2. 'Development matters' is all about the progression of skills and knowledge acquisition at each stage

3. 'Look, listen and note' is about helping practitioners focus on and assess the progress that children make as they grow.

4. 'Effective practice' is about using the knowledge of children to plan effective experiences that support children's ongoing and future achievement

5. 'Planning and resources' is about demonstrating that good planning and using resources well is crucial to supporting children's learning.

6. 'Assessment' (on the principles into practice cards) emphasises how using well-managed systems of assessing development are essential in the effort to establish successful continuity in learning.

Assessment should include formative assessment that 'informs and guides everyday planning' and summative assessment that 'makes statements about a child's achievements' over a long, extended period.

The EYFS profile is a summative assessment that shows a child's progression in learning at the end of the EYFS.

CONCLUSIONS

As practitioners become more familiar with the different parts of the EYFS document, they will understand how much each overlaps with the next and will realise that there are particular elements of their own performance and practice that are being challenged in every section.

This is a document that should act as a catalyst for change in so far as it advocates principles and practice that are completely child-centred.

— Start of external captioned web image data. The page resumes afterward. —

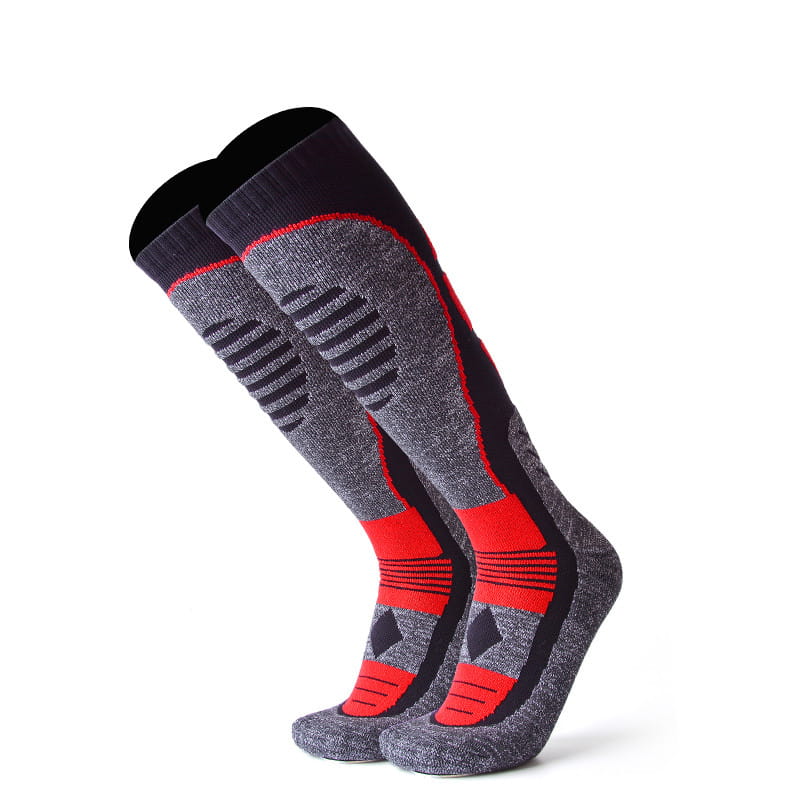 Long Tube Thickened Hiking Socks Men’s Warm Equipment Quick-Drying Socks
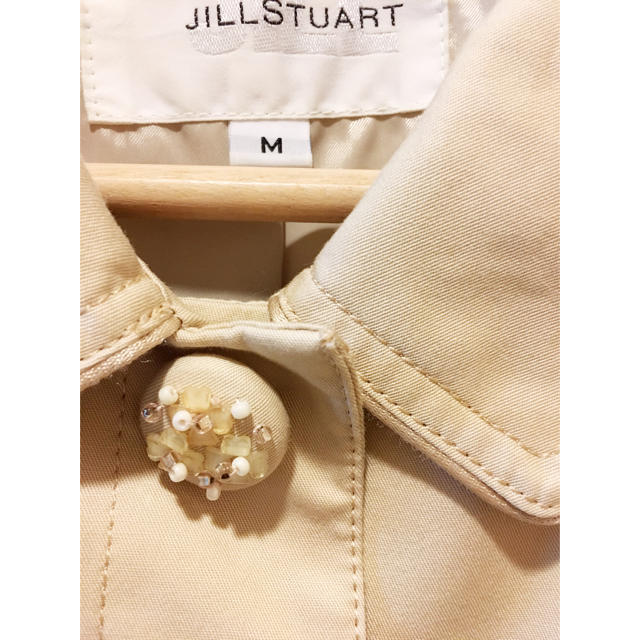 JILL by JILLSTUART(ジルバイジルスチュアート)のドレストレンチコート♡ レディースのジャケット/アウター(トレンチコート)の商品写真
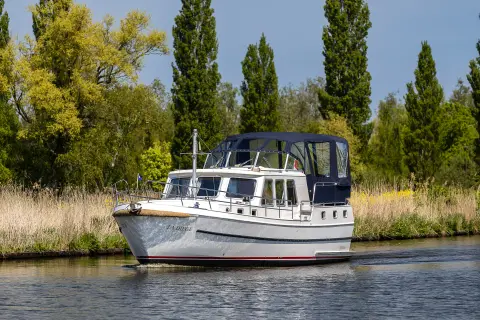 De Driesprong Yachtcenter Mini-camping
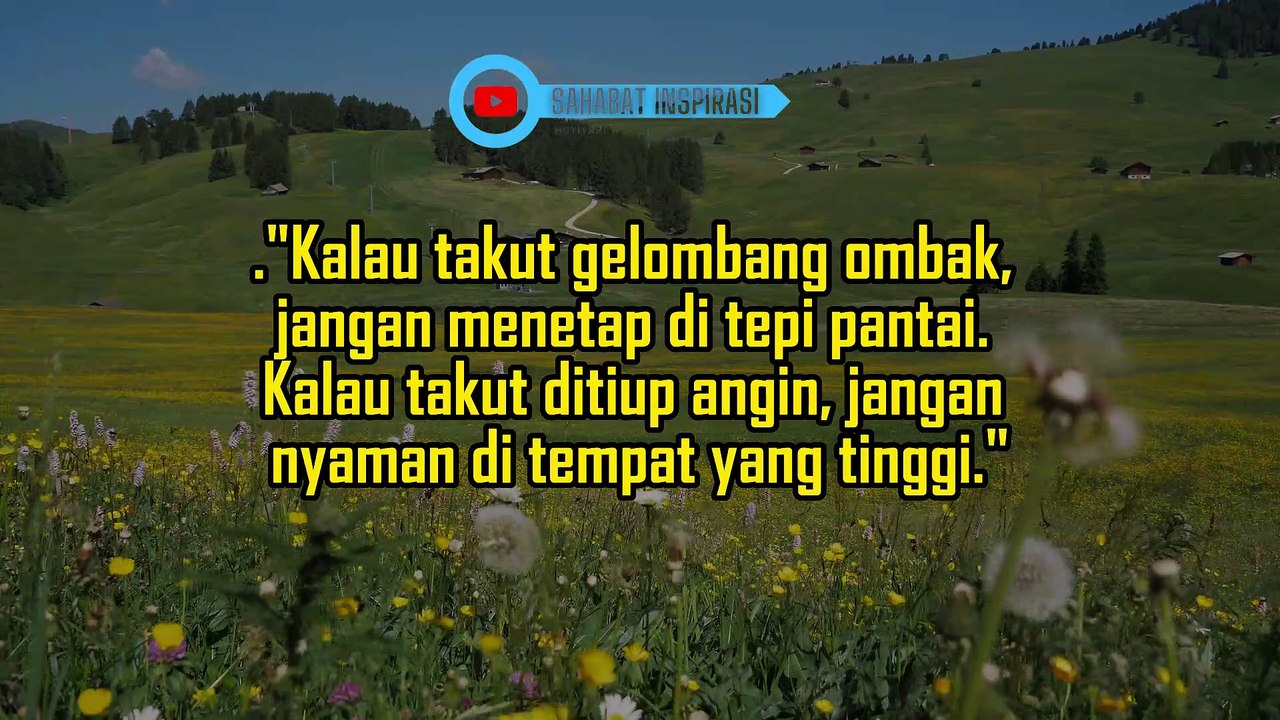 kalimat bijak paling menginspirasi dari secangkir kopi | VIDEO MOTIVASI |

The practice guidance for the EYFS is probably the most comprehensive element of the guidance document because it includes such detailed information on children's progress from birth to five years. Settings should focus on the guidance to ensure that their staff are making informed decisions about how to assess and plan for children's development. It is important to remember, however, that children's progress is not finite and that the statements on progression are generalised in the extreme. Practitioners will still have to use their own knowledge and experience of child development and elicit helpful information from parents about their children.

The main weakness of development charts is that they may limit the expectations of adults working with children. The document should be used in conjunction with a wide range of other child development guidance in childcare books, on the internet and in Nursery World.

Experienced practitioners know they should use the guidance to establish best practice in supporting children's progress in each area of learning. They realise that areas of learning overlap and that they can support children most effectively with a highly challenging and stimulating environment. A relaxed context in which children arrive at their own decisions, where learning both captivates and enthuses them, is what all practitioners should be working towards.

- Lena Engel, early years education specialist.